In truth Orwell was being somewhat disingenuous. He wrote little verse himself, but, when he did so, the echo of Housman’s voice is audible: ‘To left the black and budless trees,/ The empty sties, the barns that stand ...’ He was in any case an unreliable judge of poetry. The best he could say of Kipling is that he was ‘a good bad poet’, while elsewhere dismissing Auden as ‘a sort of gutless Kipling’. Though he had a real feeling for poetry, he was always inclined to attach too much importance to a poet’s message.

Housman himself had a better understanding: ‘Poetry is not the thing said, but a way of saying it.’ And it is his way of saying that draws one back to his poems and makes them lodge in the memory. ‘Into my heart an air that kills/ From yon far country blows:/ What are those blue remembered hills,/ What spires, what farms are those?’ Or ‘Rest you, charger, rust you, bridle;/ Kings and kesars, keep your pay;/ Soldier, sit you down and idle /At the inn of night for aye.’ Or again: ‘See in mid heaven the sun is mounted; hark,/ The belfries tingle to the noonday chime./ ’Tis silent, and the subterranean dark/ Has crossed the nadir and begins to climb.’ It is melancholy and seductive music, and I suppose I have more of Housman by heart than any other poet except Shakespeare and the unknown makers of the Border Ballads.

Of course his range is narrow but this scarcely matters. What he does could scarcely be better done. It may be that, as Wavell said of the FitzGerald Rubaiyat, ‘the philosophy is shallow and pagan’, but he puts, in memorable words, the thoughts and feelings we must all have had, and this surely is a prime task of the poet.

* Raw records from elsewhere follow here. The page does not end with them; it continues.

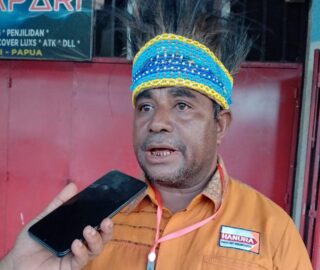 Injury Time, DPC Hanura Serahkan Berkas di KPUD Yapen, Fredolin Warkawani Bidik Partai Pemenang Pileg 2024
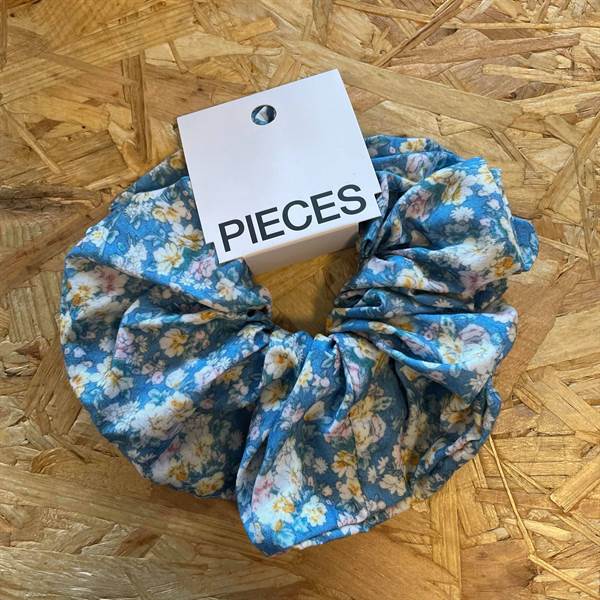 Pieces stor scrunchie - blomster/blå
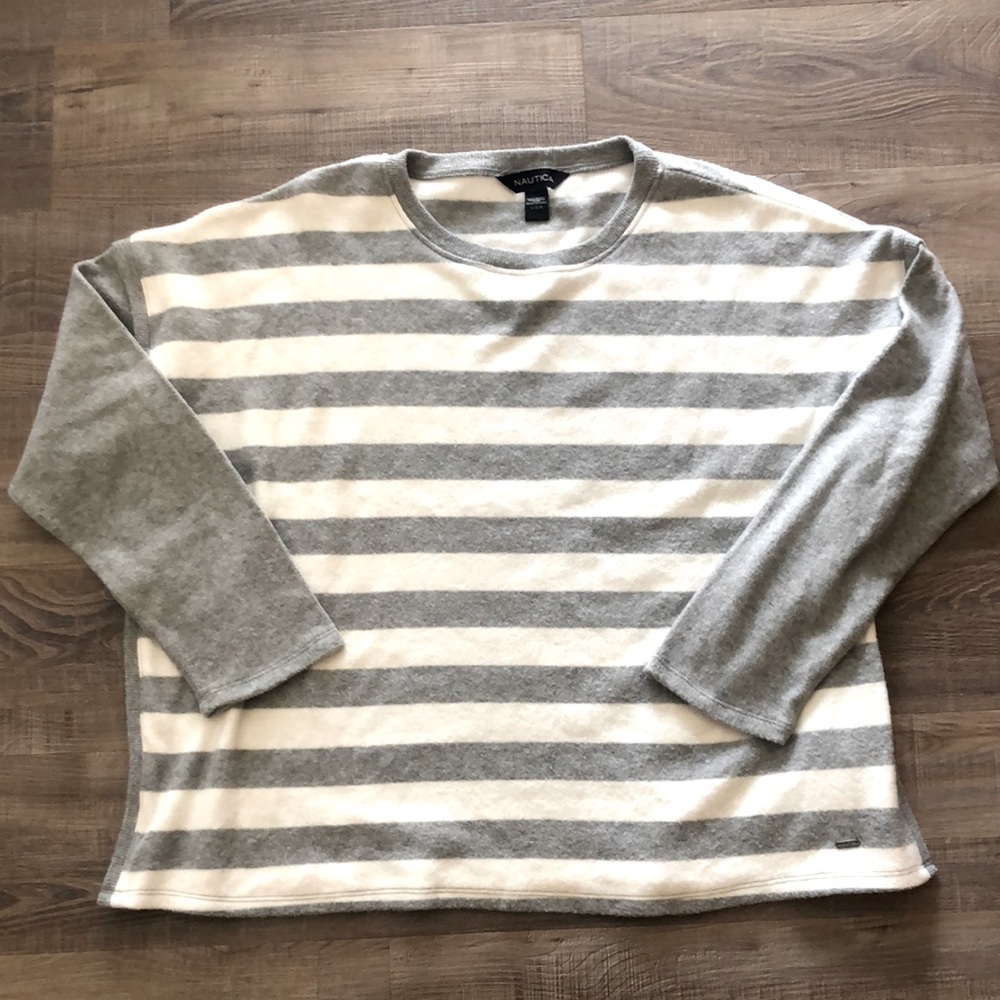 Nautica sweater
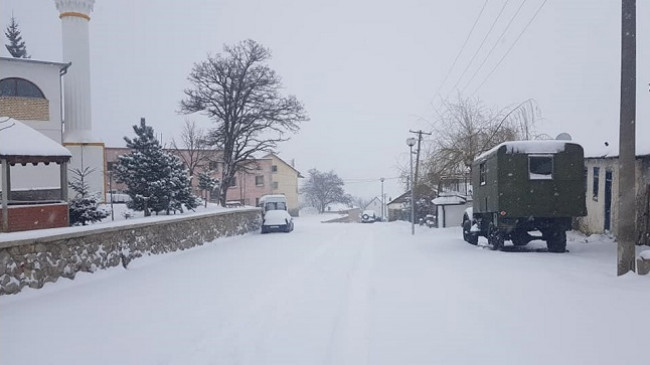 Borë në pranverë/ Rikthehet dimri në Shqipëri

Poetry is mysterious. He knew that. In his lecture, The Name and Nature of Poetry, he quotes six words, a single line, of Milton. ‘Nymphs and shepherds, dance no more’; and asks:

What is it [in these words] that can draw tears? What in the world is there to cry about? Why have these mere words the physical effect of pathos when the sense of the passage is blythe and gay? I can only say, because they are poetry, and find their way to something in man which is obscure and latent, something older than the present organisation of his nature, like the patches of fen which still linger here and there in drained lands of Cambridgeshire.

‘Words that finds their way to something in man that is obscure and latent’: it is this effect that his own verses have.

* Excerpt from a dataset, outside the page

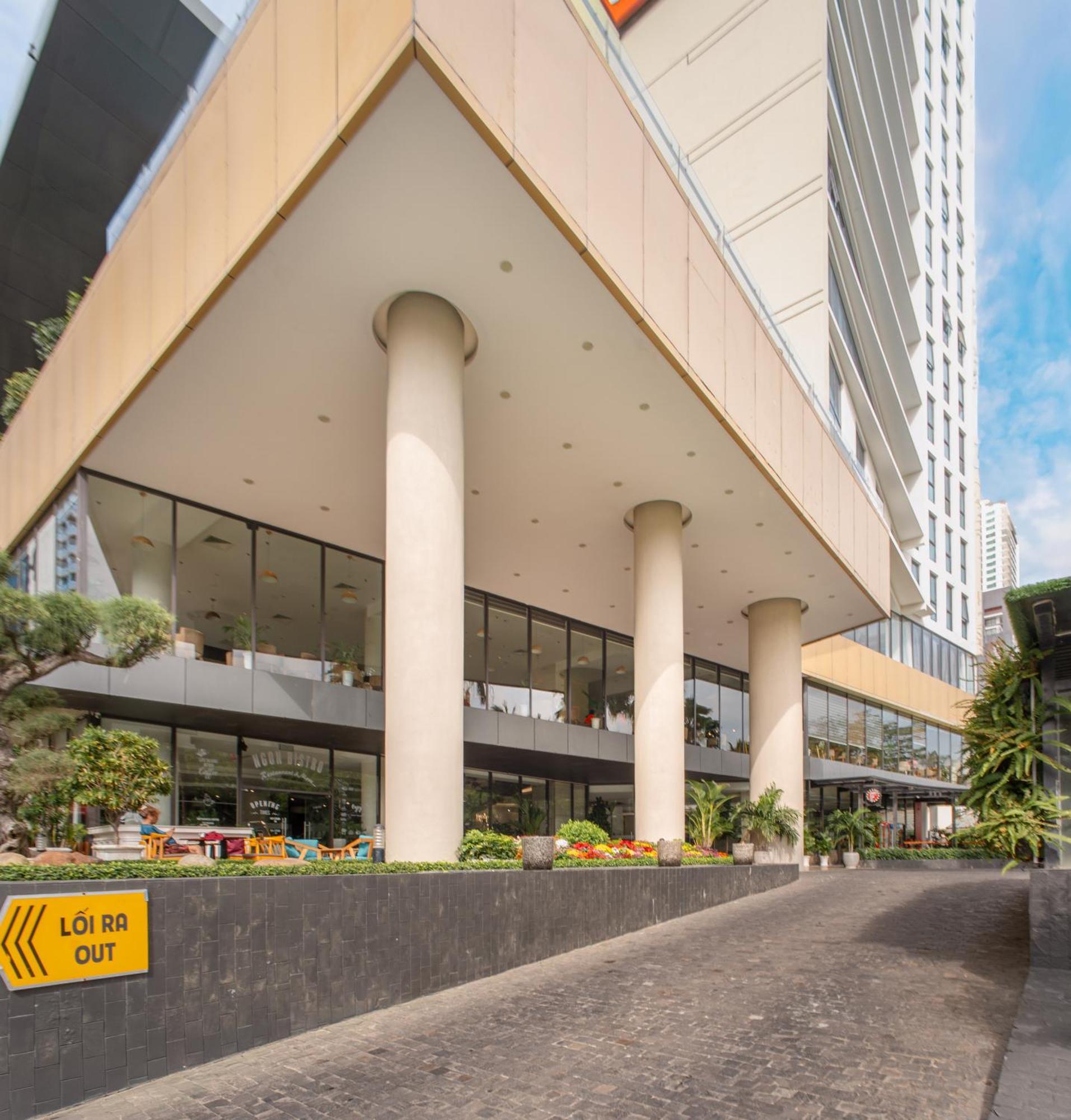 Starcity Hotel&condotel Beachfront Khách sạn 5*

Critics may find little to say of Housman. You either feel and respond to the magic or you don’t. The poems are hit or miss, but at their best they stay with you. T. S. Eliot once said to George Barker, ‘We would all write like Housman if we could.’ Barker himself, like those very different poets, Larkin and Amis, adored Housman’s work and would call for it more often than the verses of any other poet when poems were recited round the supper table littered with dead bottles.